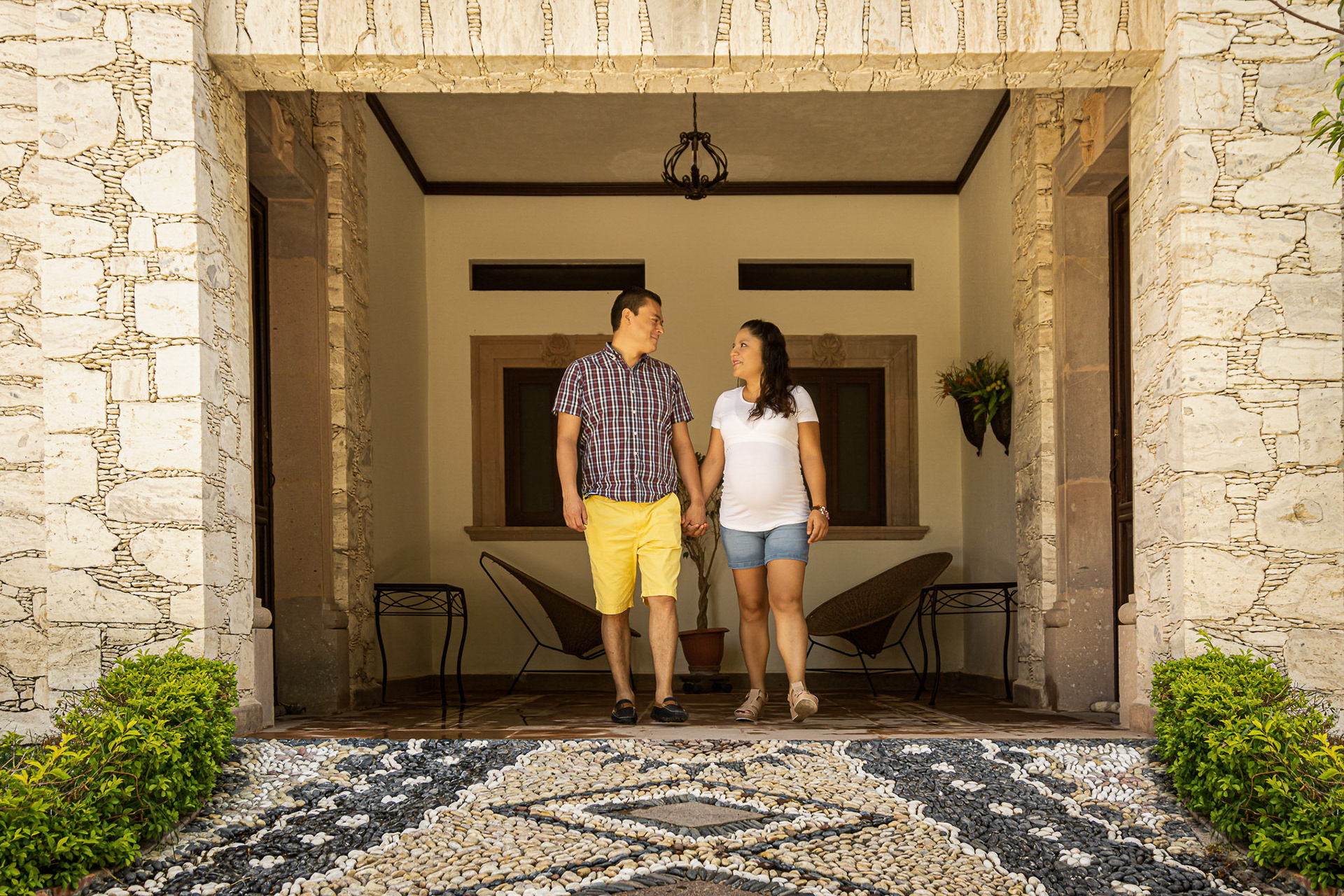 Sesión fotográfica de maternidad para Maria Fernanda y Alonso.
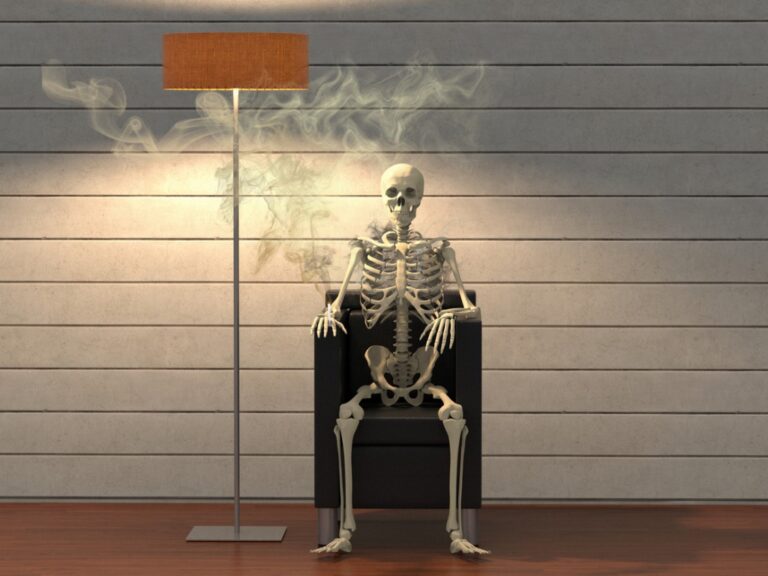 death-for-smoking-picture-id1295016722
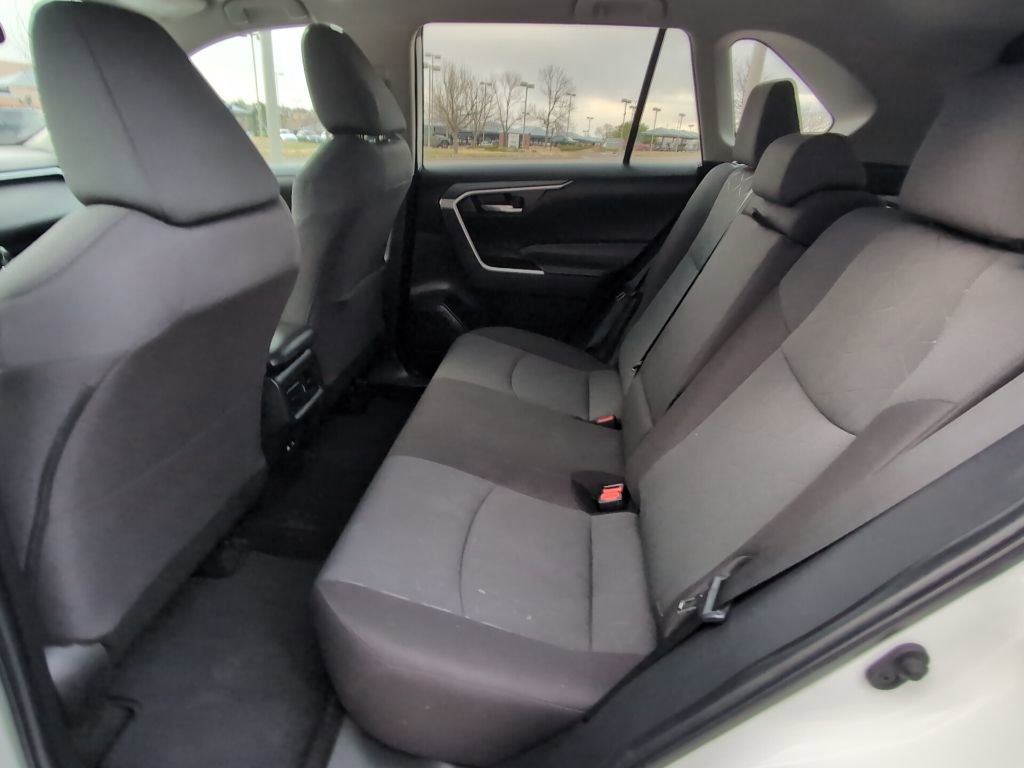 Used 2023 Toyota RAV4 XLE AWD/4WD image 28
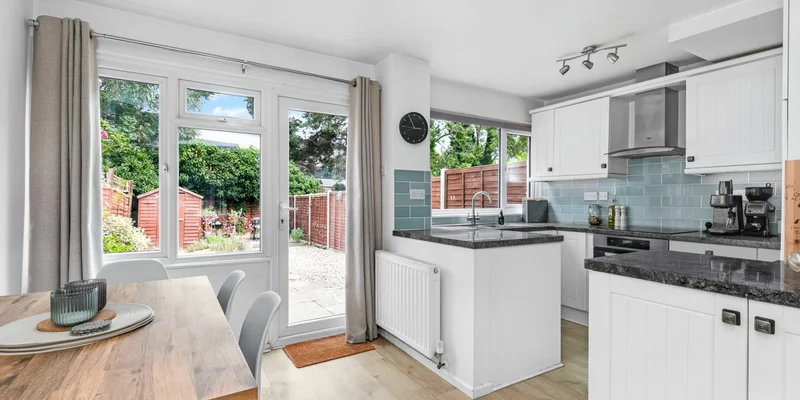 Blagrove Drive, Wokingham - Image 3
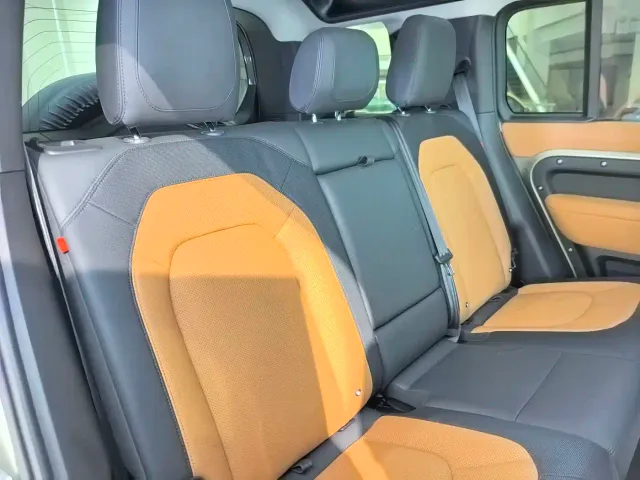 Land Rover Defender — Фото автомобиля 16
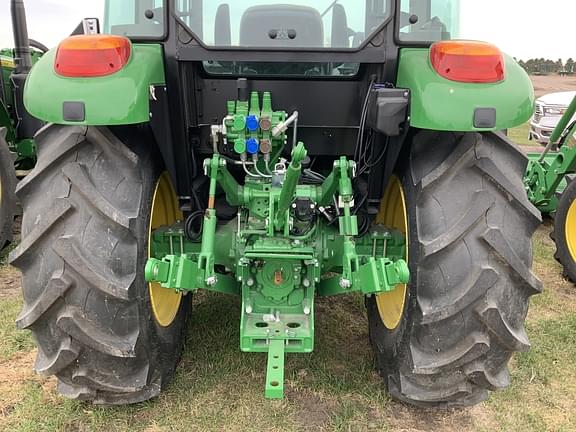 Image of John Deere 5090E equipment image 1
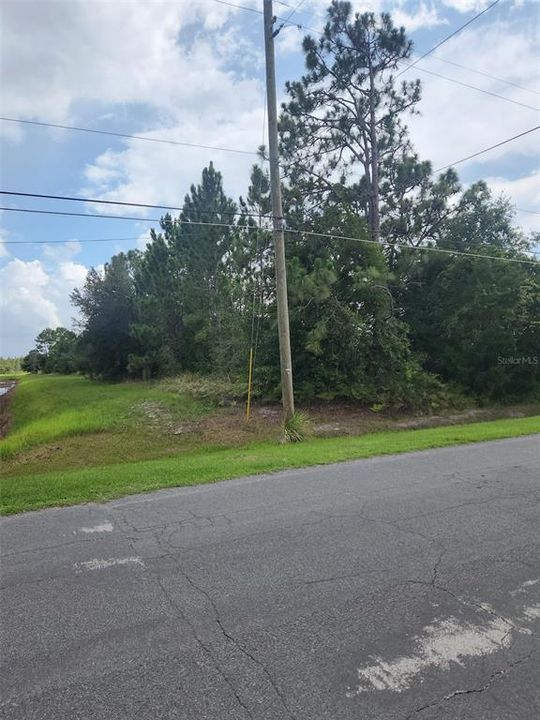 На продажу: $134,900 (2.31 acres)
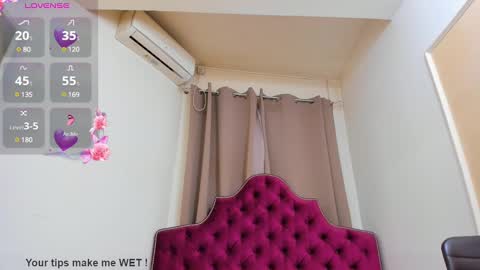 Snapshot of ninna_dee chatting on February 10, 4:52 am nina dee online show from February 10, 4:52 am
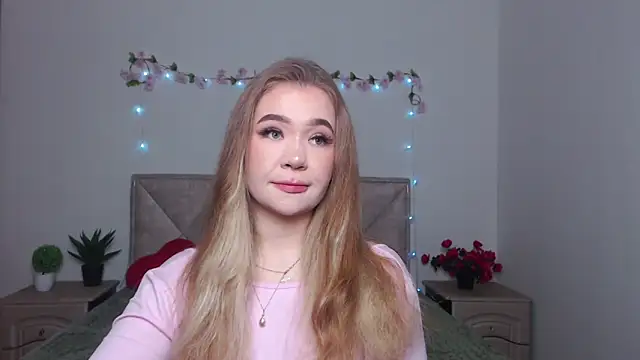 StacyYellig online show from April 19, 8:44 pm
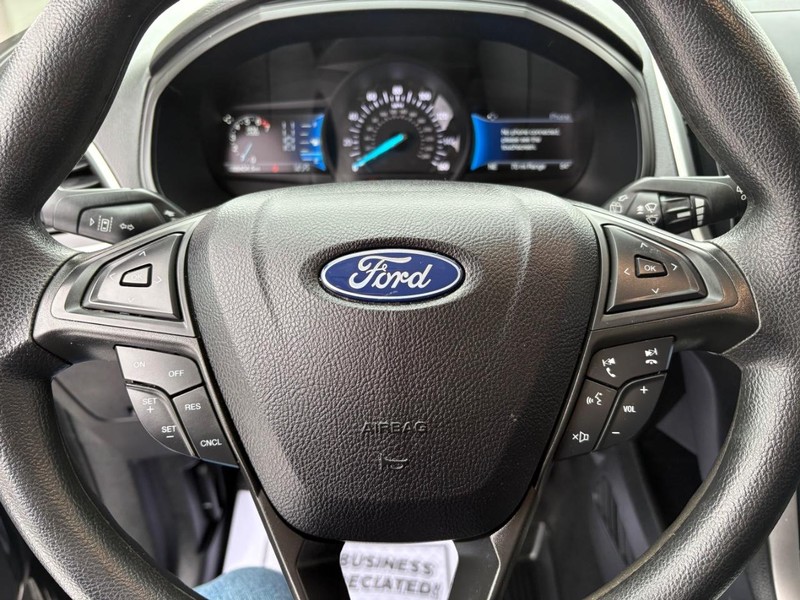 Ford Edge Vehicle Full-screen Gallery Image 12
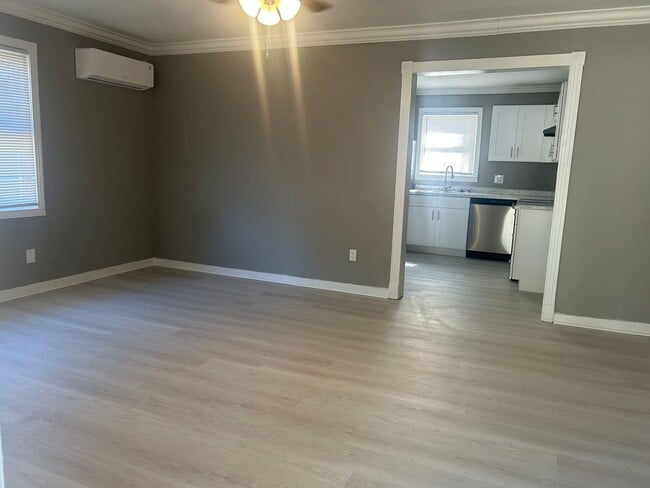 Building Photo - 816 W 42nd St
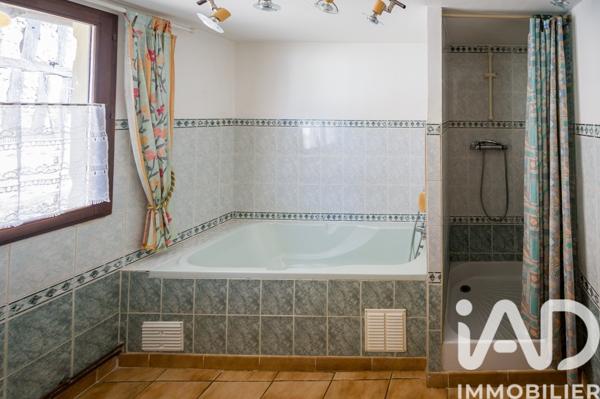 Maison à vendre 5 pièces 107 m² Saint-Martial-d'Artenset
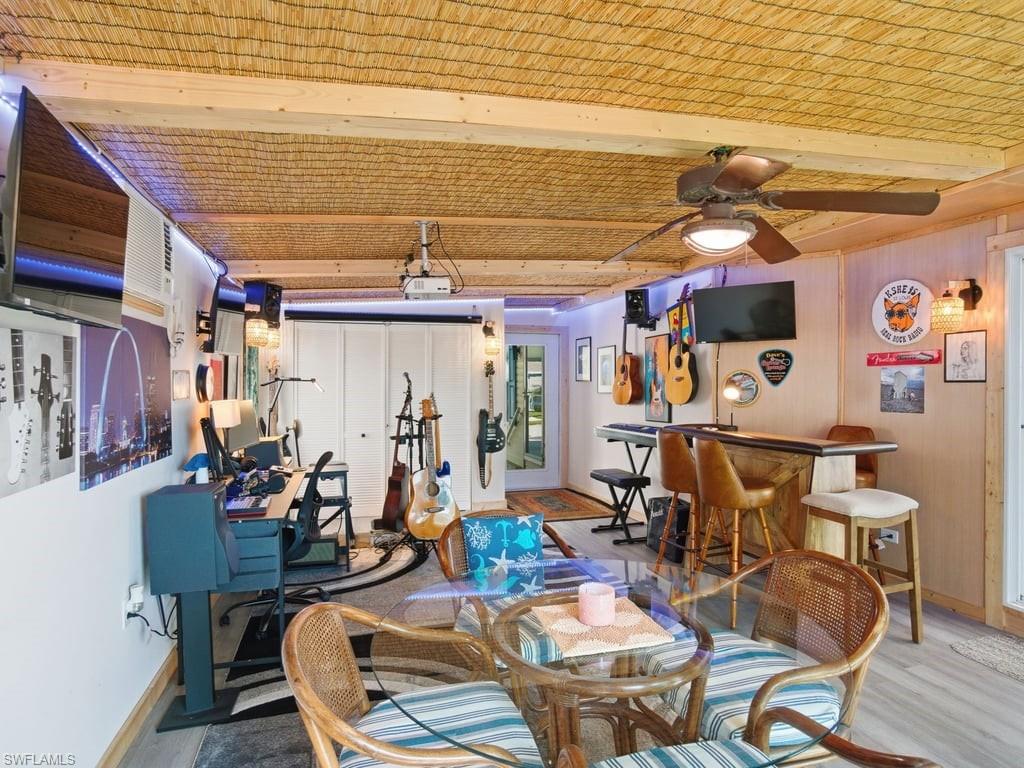 BAYSIDE ESTATES - Residential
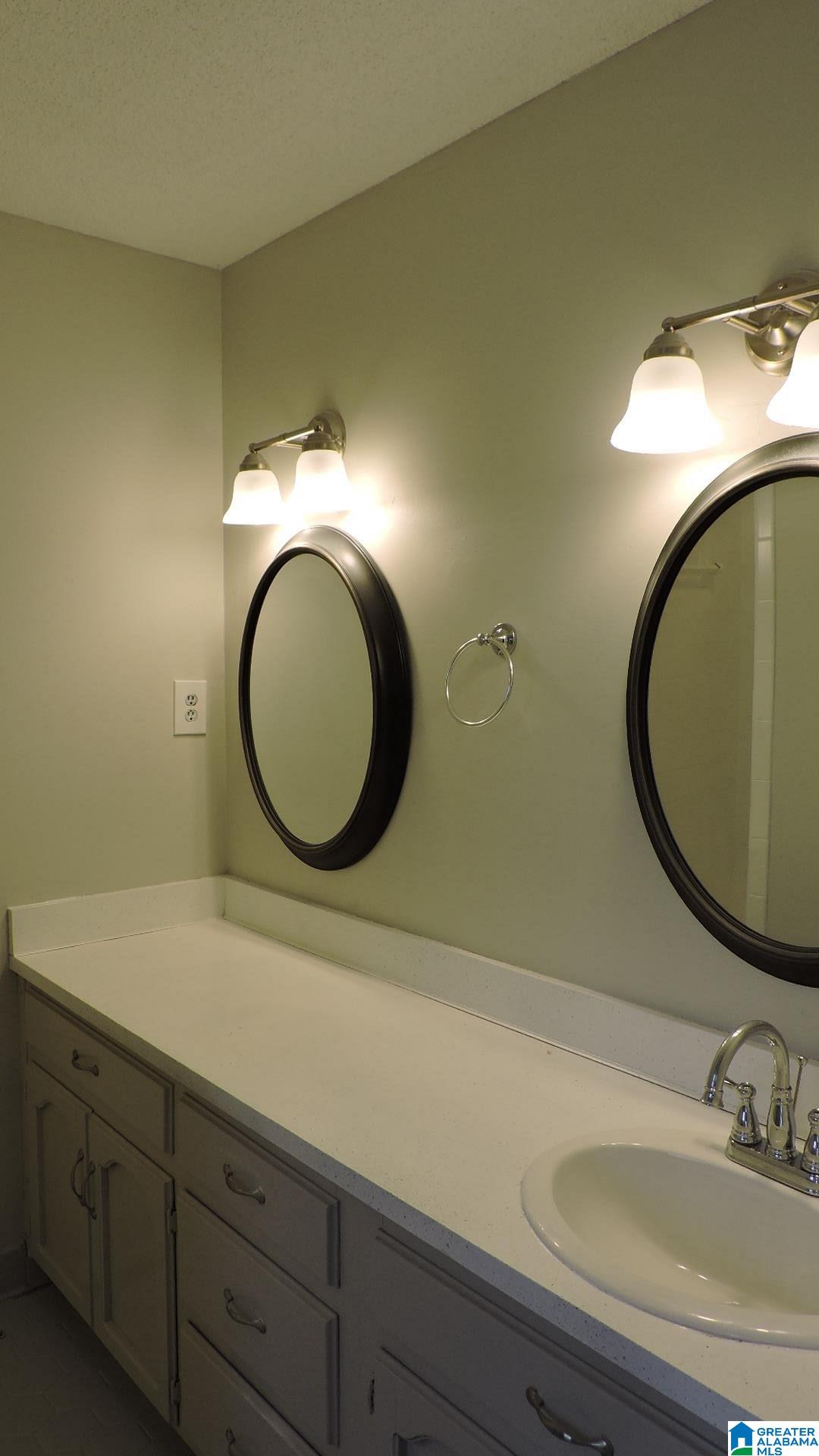3031 Lone Oak Road Bessemer, AL 35023 - Photo 20 of 27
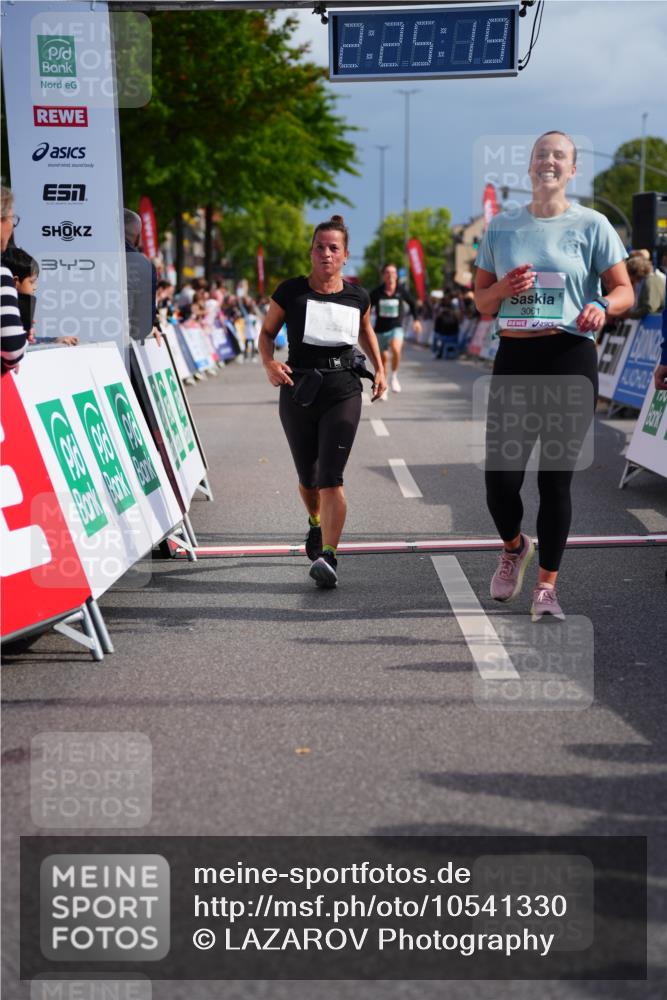 20.09.2026 - PSD Bank Halbmarathon LAZAROV Photography http://msf.ph/oto/10541330 20.09.2026 12:25:19 Ziel 2045, 3061, 3556, 3924 meine-sportfotos.de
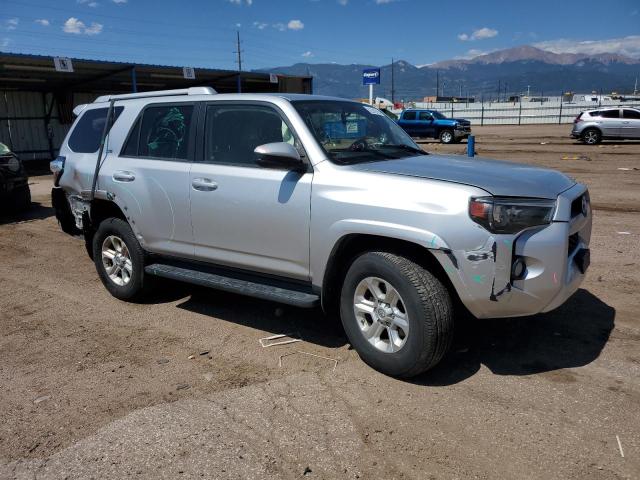 Паркетники TOYOTA 4RUNNER 2016 Сріблястий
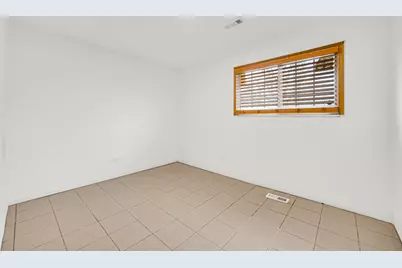 341 Boston Street, Chicago Heights, IL 60411 - Photo 12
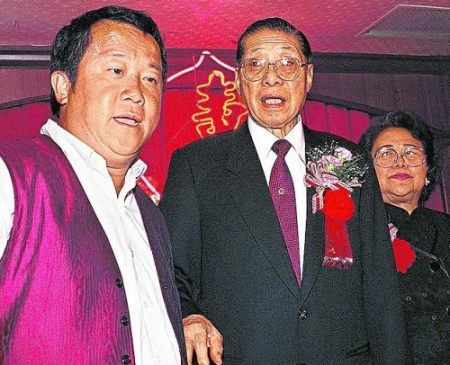 刘德华是香港明星足球队的成员吗,香港明星足球队刘德华踢球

* **WORK TASK**
Although the records include pictures, the copy should reproduce every line exactly and none of the pictures.

* **THE COMPLETED TASK**
 Sesión fotográfica de maternidad para Maria Fernanda y Alonso.
 death-for-smoking-picture-id1295016722
 Used 2023 Toyota RAV4 XLE AWD/4WD image 28
 Blagrove Drive, Wokingham - Image 3
 Land Rover Defender — Фото автомобиля 16
 Image of John Deere 5090E equipment image 1
 На продажу: $134,900 (2.31 acres)
 Snapshot of ninna_dee chatting on February 10, 4:52 am nina dee online show from February 10, 4:52 am
 StacyYellig online show from April 19, 8:44 pm
 Ford Edge Vehicle Full-screen Gallery Image 12
 Building Photo - 816 W 42nd St
 Maison à vendre 5 pièces 107 m² Saint-Martial-d'Artenset
 BAYSIDE ESTATES - Residential
3031 Lone Oak Road Bessemer, AL 35023 - Photo 20 of 27
 20.09.2026 - PSD Bank Halbmarathon LAZAROV Photography http://msf.ph/oto/10541330 20.09.2026 12:25:19 Ziel 2045, 3061, 3556, 3924 meine-sportfotos.de
 Паркетники TOYOTA 4RUNNER 2016 Сріблястий
 341 Boston Street, Chicago Heights, IL 60411 - Photo 12
 刘德华是香港明星足球队的成员吗,香港明星足球队刘德华踢球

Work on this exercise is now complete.